They didn't create expect their work to resonate with so many people. But now, they each have a following who's been touched by their work — and the pressure to create more.
Below, the artists share what it's like to have their art make an impact amid a social-justice movement.
A few weeks ago I had a normal Instagram, a couple of graphics — just personal stuff I messed around with. I barely had 1,000 followers. When Ahmaud Arbery was killed, I made an infographic about the 2.3 miles for his birthday. Ever since then, I've wanted to provide resources.
When George Floyd was killed, I was going to make a graphic saying, "His name was George Floyd and he couldn't breathe" with a swipe-through to call the mayor and D.A. When I started it, I realized it wouldn't be enough. I already knew so many people in my circle that looked away when Black deaths happened. So my next big post came from a place of frustration and anger: "Don't ignore something because it makes you uncomfortable."
I think that was a gut check. A lot of my white followers said, "Wow, that called me out. I have to pay attention to what's happening in our world right now."

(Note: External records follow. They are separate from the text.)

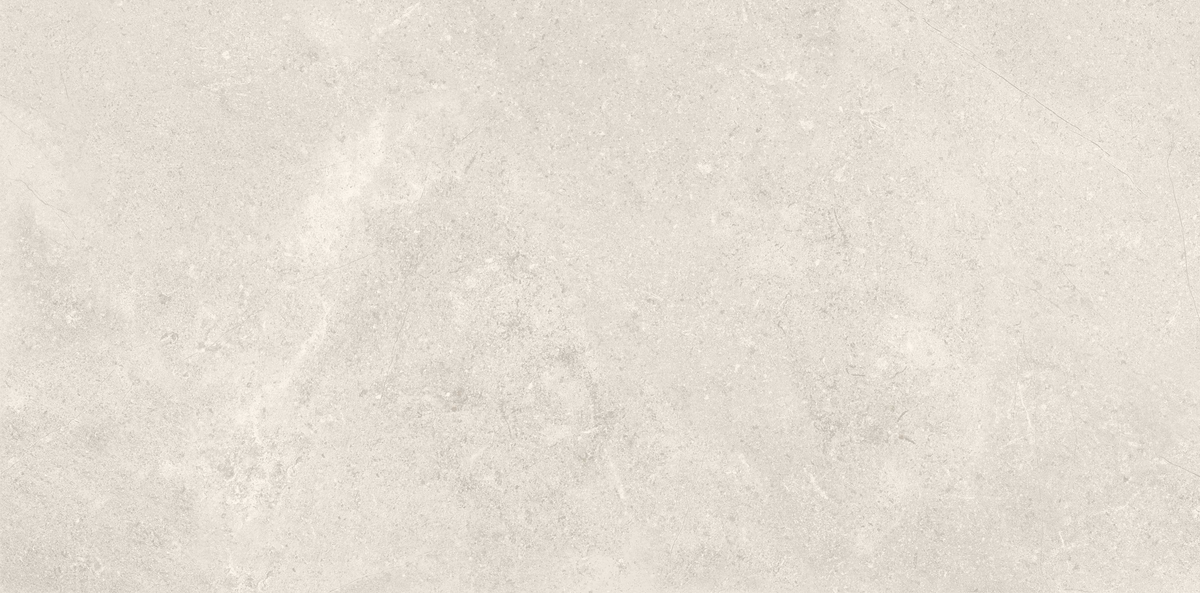 MOONSHADOW MIST 300x600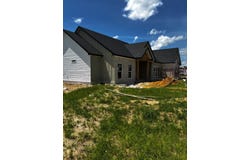 1548 Iris Road, Dothan, AL 36301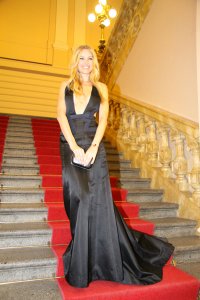 Petra Nemcova Sexy 9.jpg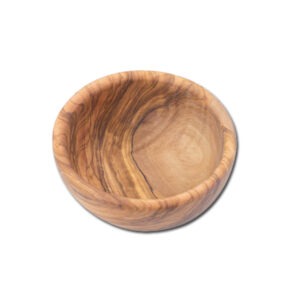 Rund skål 14cm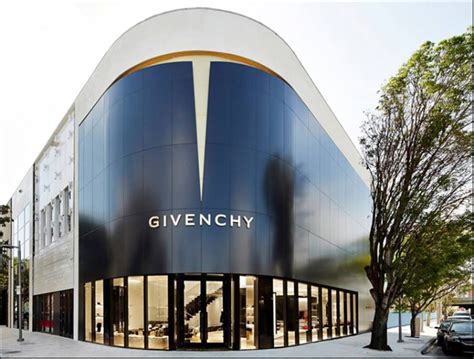 givenchy florida|FIND A STORE .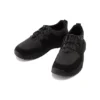 Zapatos de campamento Cln Cp «Negro»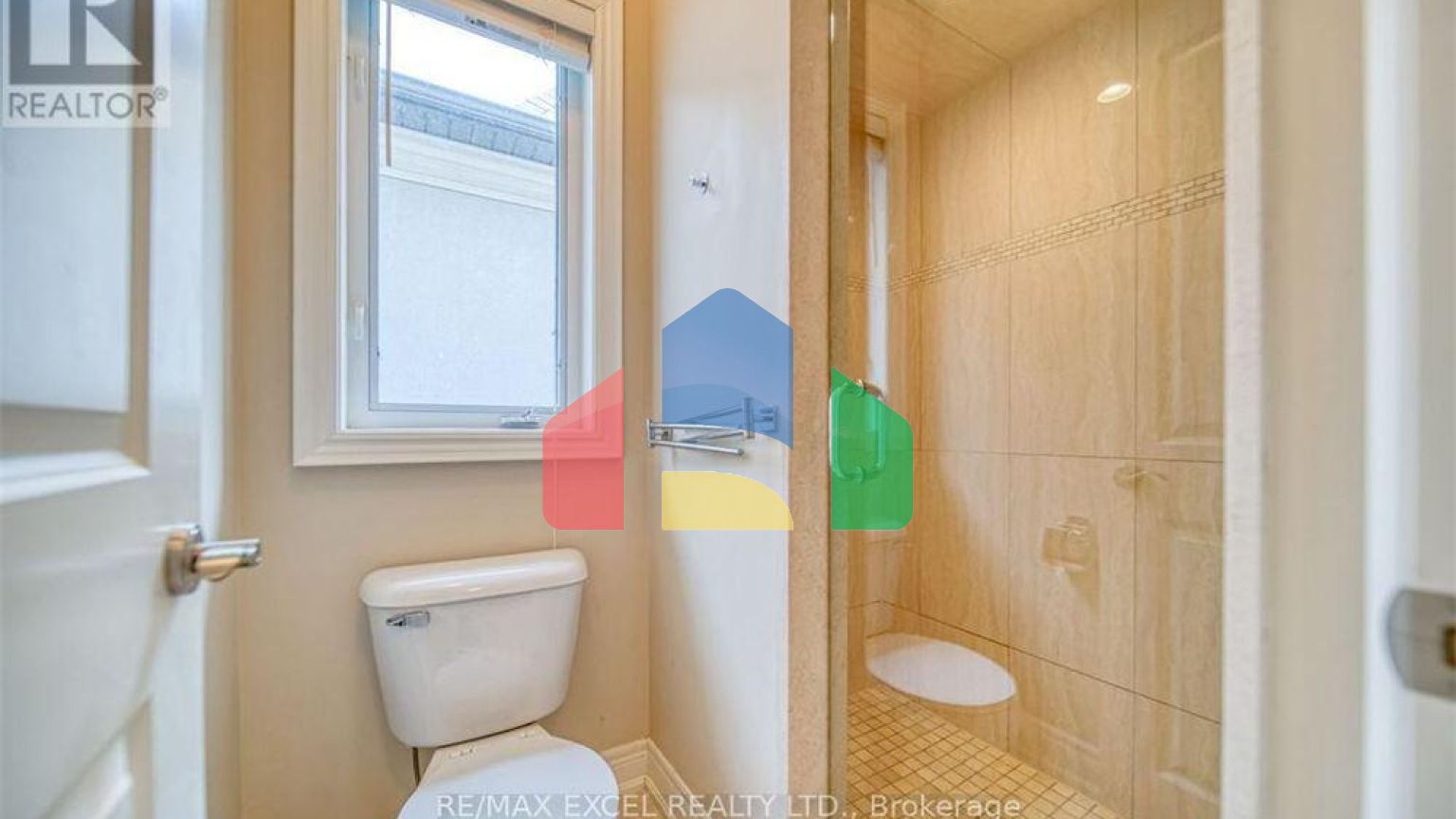 Residential - Single Family Home - Vaughan, Canada - Canada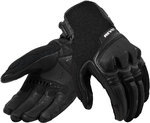 Revit Duty Motorrad Handschuhe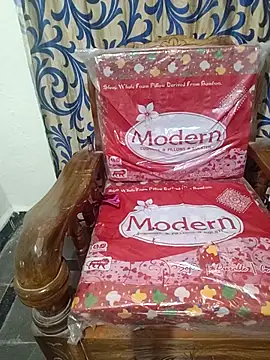 Swapna kannada online show from 09/24/25, 01:09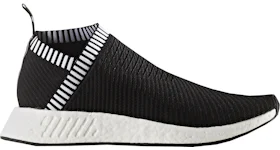 Adidas nmd cs2 mujer top precio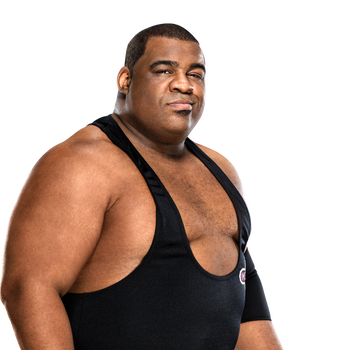 elite keith lee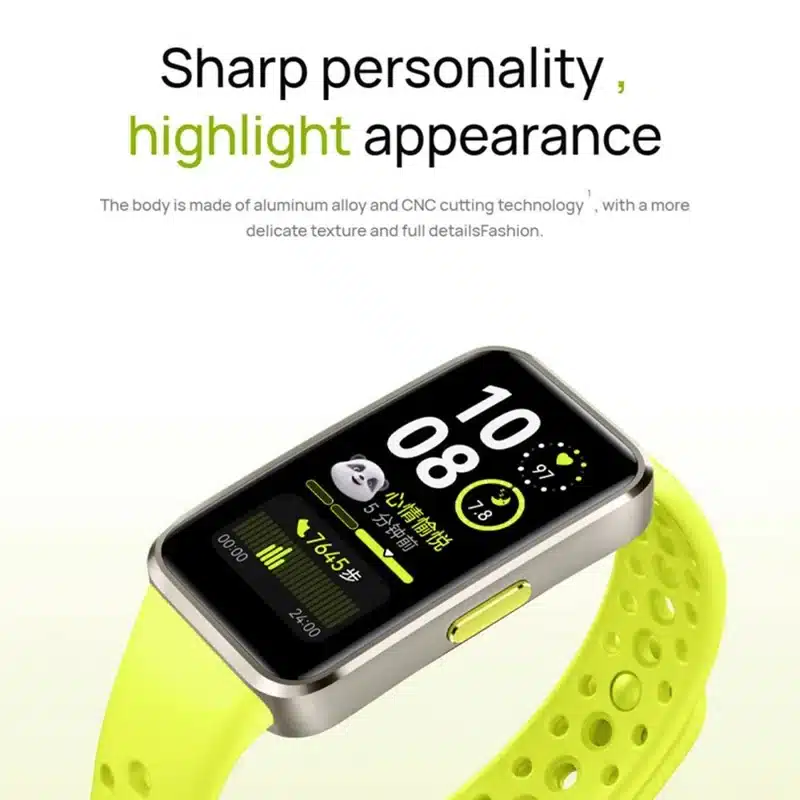 Band 10 product detail 1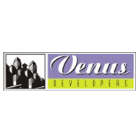 Venus Developers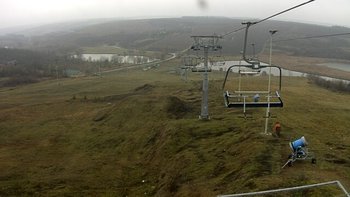 Водяники 24 грудня 2019 року, 2019-12-24 13:00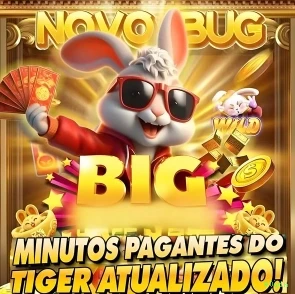 Jogos de fortune da 40win com prêmios incríveis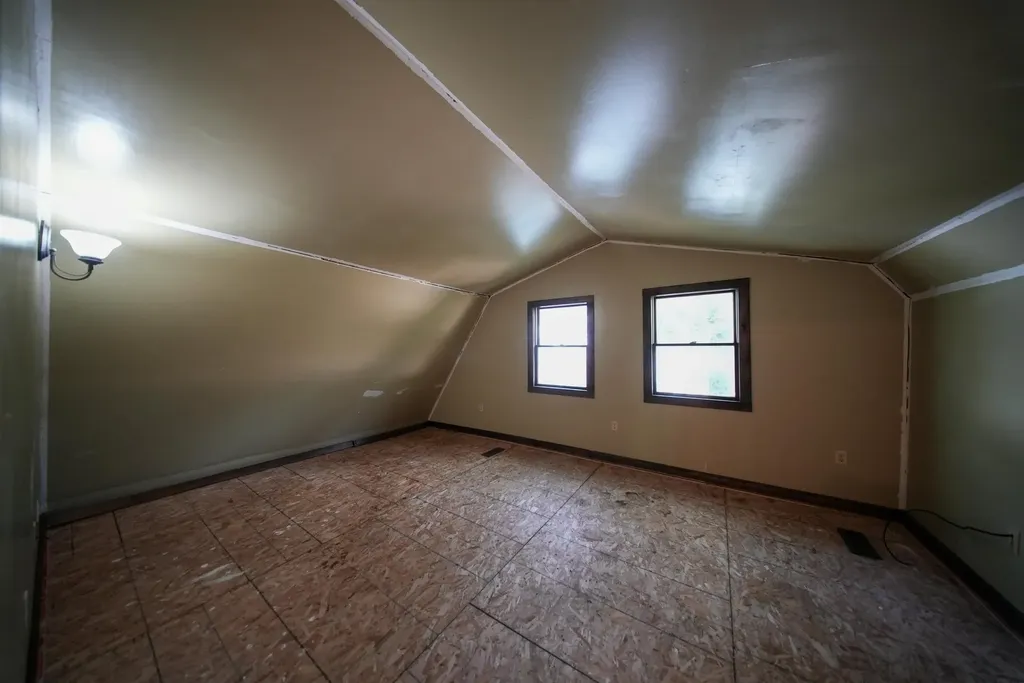 712 S C Street Wellington KS 67152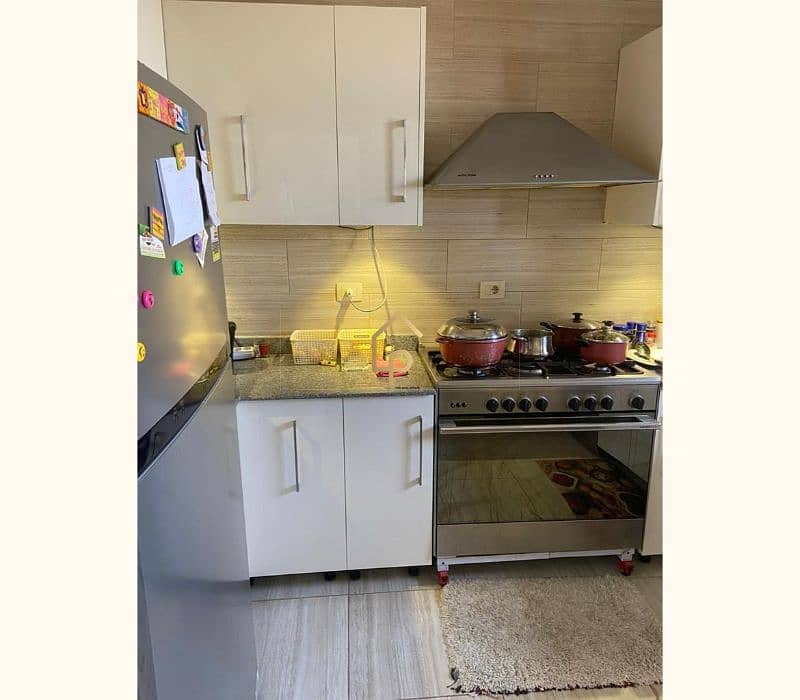 4 WhatsApp Image 2025-11-02 at 5.22. 51 PM. jpg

That's the switch that's taking place. When the Ferguson protests and the deaths of Eric Garner, Tamir Rice, and Trayvon Martin happened, this wasn't the conversation on social media. But people are listening now.
Reese Witherspoon shared it — tagging me — and it spread like wildfire. Her repost resonated with me because she mentioned talking to her children about racism. I made a post recently on having the conversation about racism with the people around us — our kids and families. Because if you're not having the conversation with them, someone else is, and you need to make sure that they understand the truth. Racism isn't what it was in the 1960s. And it's definitely not what it was when slavery was happening. We need to have an updated conversation about what racism is in America today.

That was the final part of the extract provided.